MATERIAL PROVIDED:
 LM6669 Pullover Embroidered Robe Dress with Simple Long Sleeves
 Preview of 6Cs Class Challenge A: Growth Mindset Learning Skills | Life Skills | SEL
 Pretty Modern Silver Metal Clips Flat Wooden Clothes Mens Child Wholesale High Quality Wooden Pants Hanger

* * *

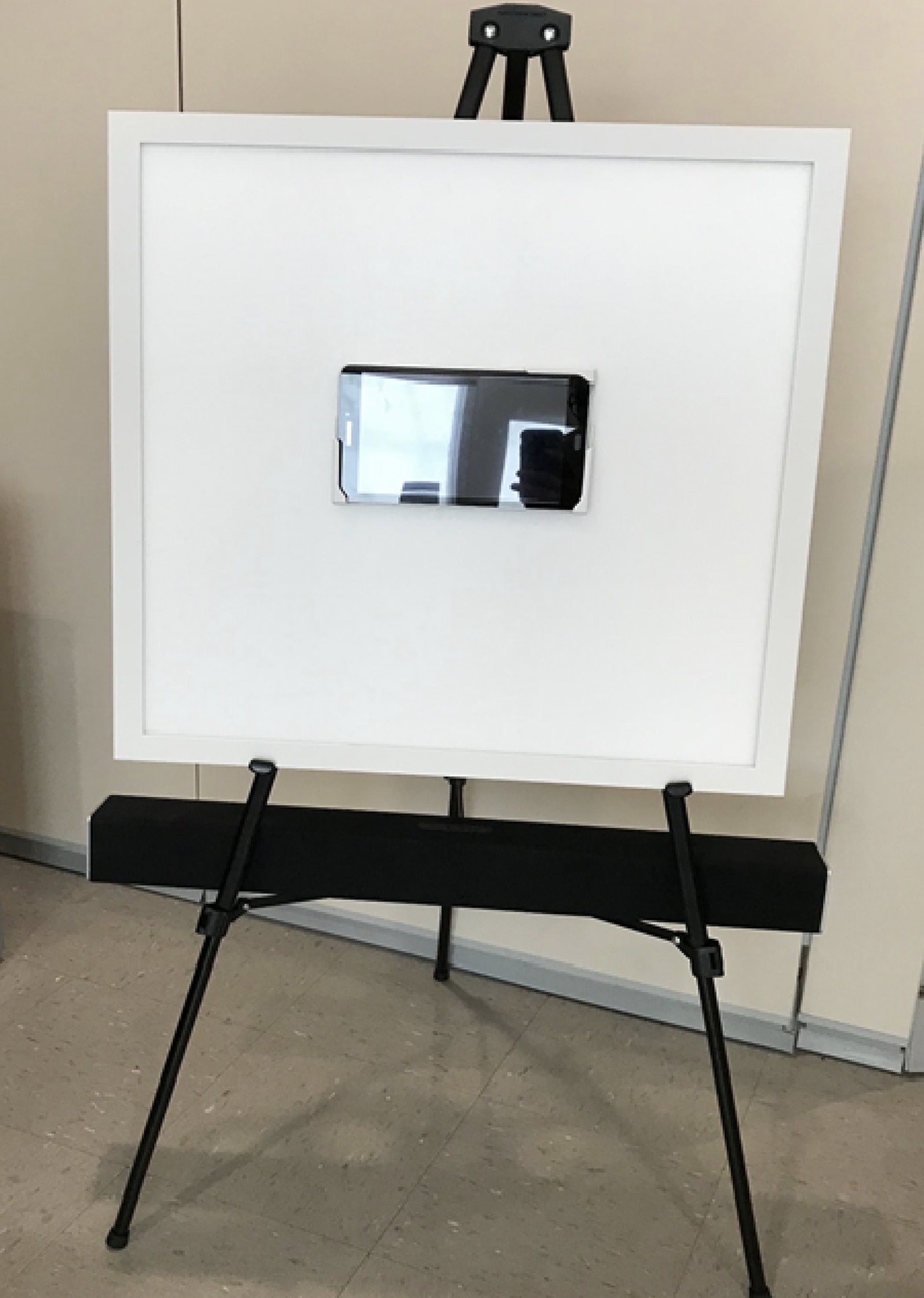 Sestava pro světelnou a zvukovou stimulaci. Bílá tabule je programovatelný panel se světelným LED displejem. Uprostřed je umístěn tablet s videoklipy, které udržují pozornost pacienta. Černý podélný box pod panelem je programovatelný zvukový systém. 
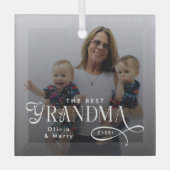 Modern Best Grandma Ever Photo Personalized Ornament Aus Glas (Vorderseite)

WHAT TO WORK ON: Everything from the line with "LM6669 Pullover Embroidered" through the line with "Pretty Modern Silver" in the listing above must be retyped exactly, with nothing added.

SOLUTION FOR THIS EXERCISE:
 LM6669 Pullover Embroidered Robe Dress with Simple Long Sleeves
 Preview of 6Cs Class Challenge A: Growth Mindset Learning Skills | Life Skills | SEL
 Pretty Modern Silver Metal Clips Flat Wooden Clothes Mens Child Wholesale High Quality Wooden Pants Hanger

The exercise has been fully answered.